En toute logique, les officiers développent des démonstrations pleines d’une logique implacable, mais faussées par des argumentaires « byzantins », pour ne pas dire entachés d’une vision politique étroite, sectaire visant juste à assouvir leur idéologie.
Cette thématique plonge « Une désolation nommée paix » au cœur de notre actualité, où des personnages arc-boutés sur leur idéologie pervertissent la raison, multiplient les boucs émissaires et clivent les êtres, plutôt que de se vouer à ce qui rassemble, à cette paix qui, pour advenir, se doit de considérer l’autre comme un égal respectable.
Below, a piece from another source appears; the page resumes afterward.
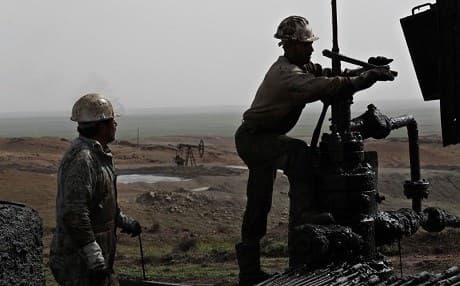 This March 27, 2018 photo shows Syrian workers fixing pipes of an oil well at an oil field controlled by Kurds in Rmeilan, Hassakeh province, Syria. Photo: Hussein Malla/AP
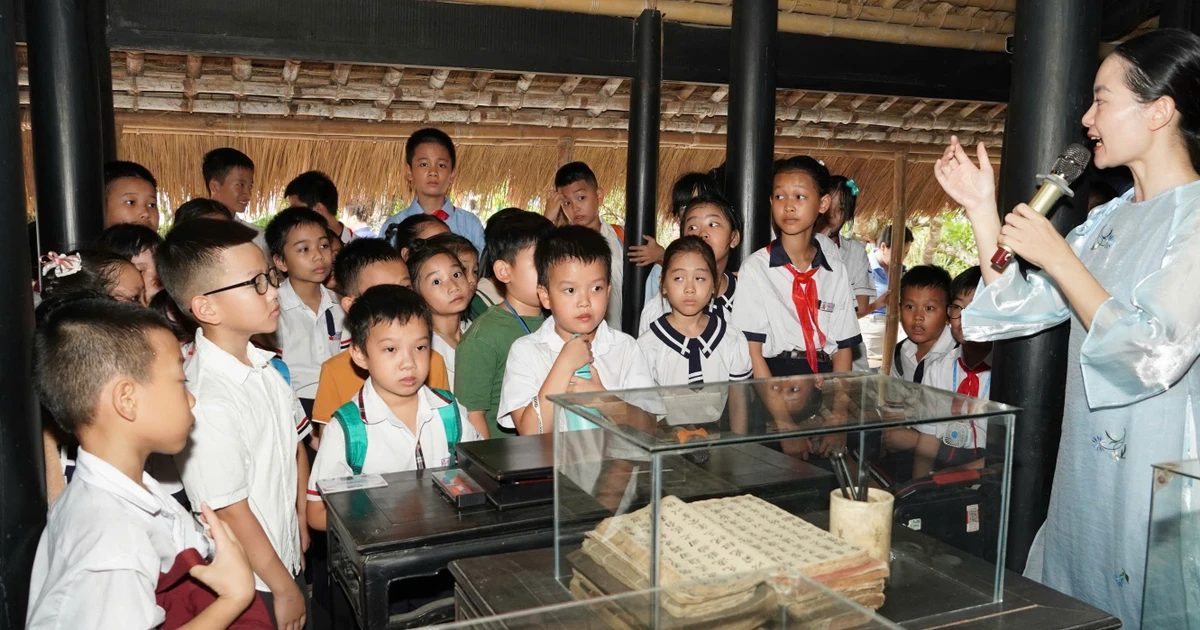 Sôi nổi hành trình theo dấu chân Bác, học sử từ di tích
À l’inverse, les sentiments, pour suspects qu’ils soient, car ils sont du domaine de l’irréflexion, vont se révéler un ciment solide : ce qui réunit les êtres est aussi ce qui permet à une communauté de s’unir, et de commencer à réfléchir. Trois Posidonie, l’émissaire impériale et Mahit, la Barbare, perturbent l’ordre figé des militaires et des factions. Leur intelligence commune se révèle inventive et elle ouvre les bases d’une rencontre avec les aliens, alors que le conflit dégénère au détriment de Teixcalaan dont les Échardes sont dissoutes par une matière qui semble dévorer les vaisseaux…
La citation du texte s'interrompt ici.